Technology


Chemist wins PM’s prize for battery, recycling innovations

Technology




The founder of two companies, one in plastics recycling and the other in battery storage, has won the $250,000 Prime Minister’s Prize for Innovation.

University of Sydney chemistry Professor Thomas Maschmeyer earned the award for his “dual work in developing commercially viable processes to recycle mixed plastics and developing a new low-cost battery technology to store renewable energy.”

The two companies have attracted combined investment of over $120 million and created over 70 local jobs.

Licella uses supercritical steam and catalysts to turn plastics into oil and other useful chemicals. Gelion Technologies uses zinc bromine gels, with batteries, “able to run at high temperatures in a largely unmanaged system – a solution particularly relevant to off-grid challenges in Australian agriculture, mining and remote communities,” said Maschmeyer.

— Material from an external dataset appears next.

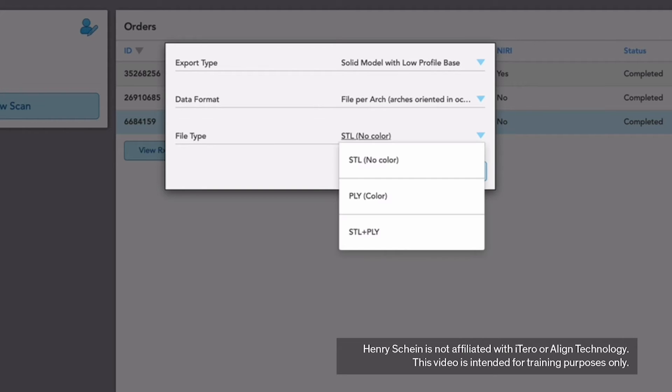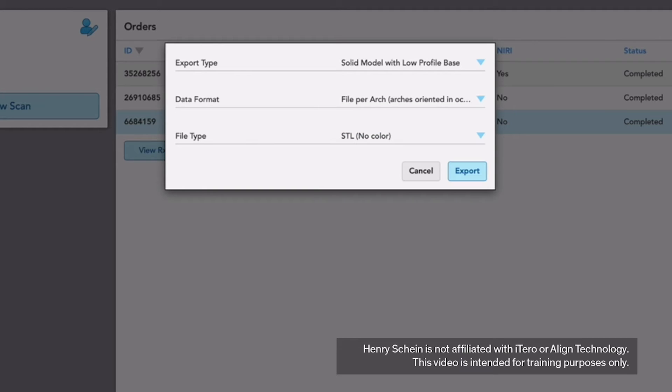File Type: Choose STL, no color. If you see a drop-down menu for file size, leave unchecked, as the default option is High Resolution.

“As a chemist, creating a new molecule is exhilarating but creating a new process that goes global, is breathtaking.”

The award was part of the Prime Minister’s Prize for Science celebrations, held on Wednesday. 

The PM’s Prize for Science was awarded to the Australian team of Emeritus Professor David Blair, Professor David McClelland, Professor Susan Scott and Professor Peter Veitch, for their contribution to the international effort that detected gravitational waves in 2015.